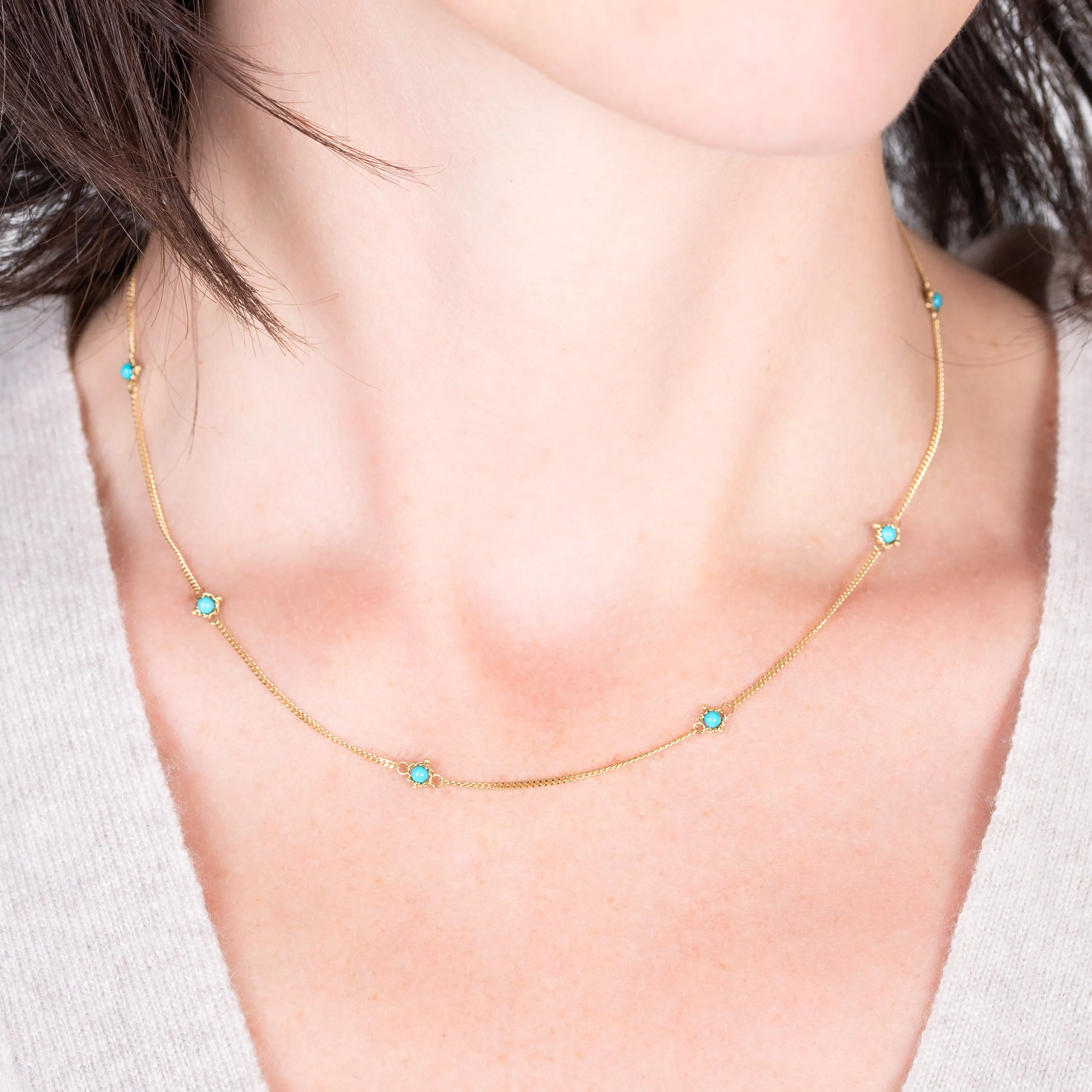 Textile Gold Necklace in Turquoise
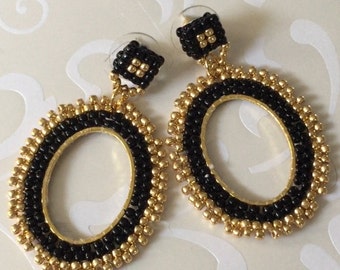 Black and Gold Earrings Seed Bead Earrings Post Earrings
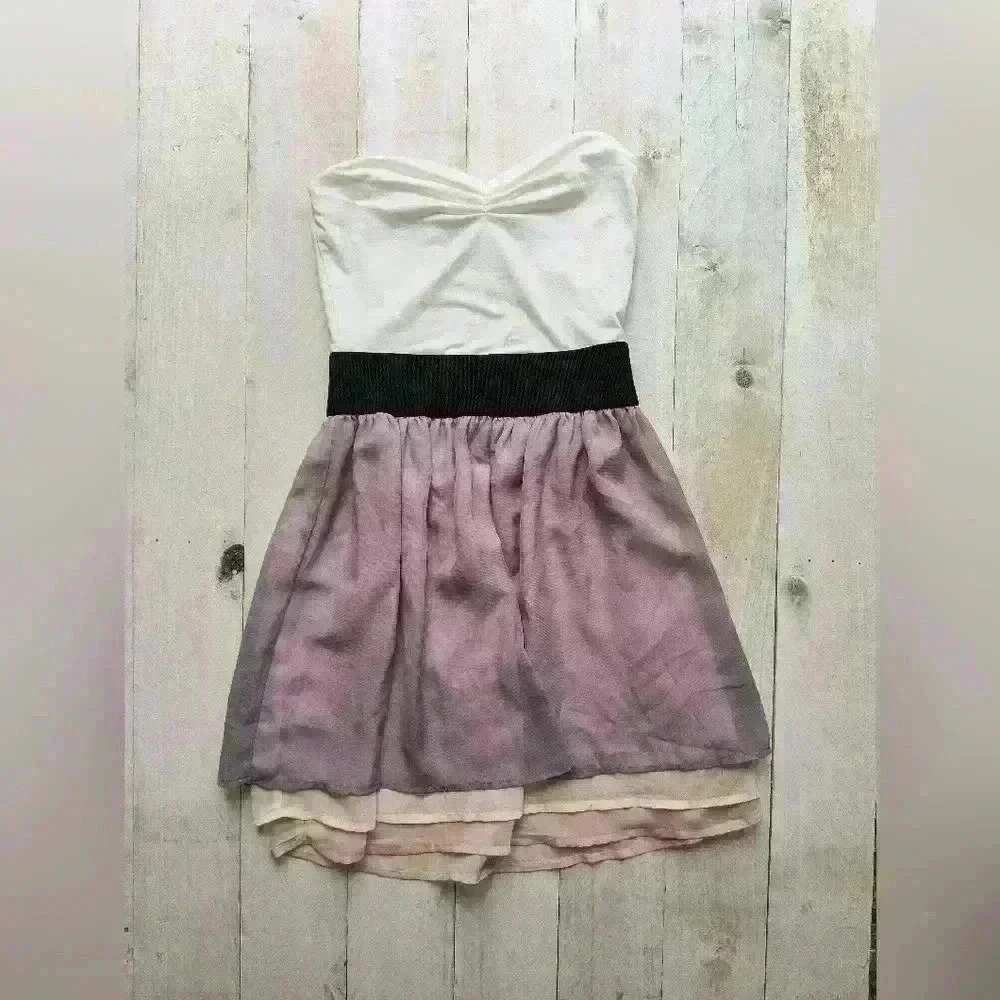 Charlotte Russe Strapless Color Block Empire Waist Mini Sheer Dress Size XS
##############################
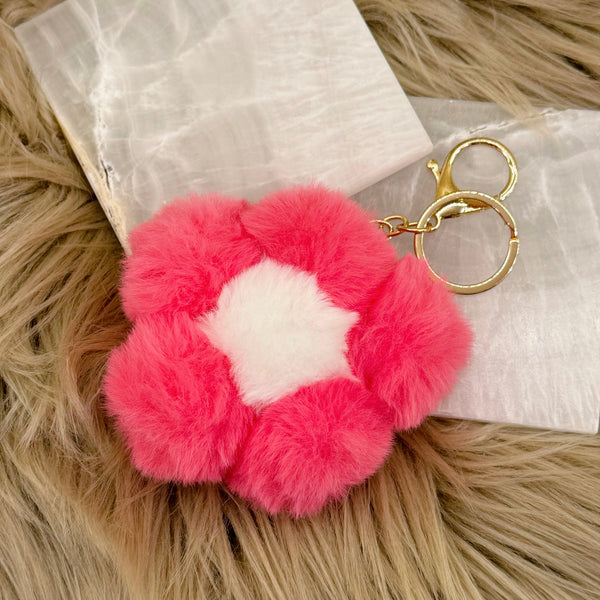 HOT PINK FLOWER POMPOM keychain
##############################
*AIM OF THE TASK*. Quote the data above exactly from the line with "Textile Gold Necklace in Turquoise" to the line with "Charlotte Russe Strapless", both ends counted, and nothing else. Pictures don't go in.

*RESULT FOR THIS EXERCISE*.
 Textile Gold Necklace in Turquoise
 Black and Gold Earrings Seed Bead Earrings Post Earrings
 Charlotte Russe Strapless Color Block Empire Waist Mini Sheer Dress Size XS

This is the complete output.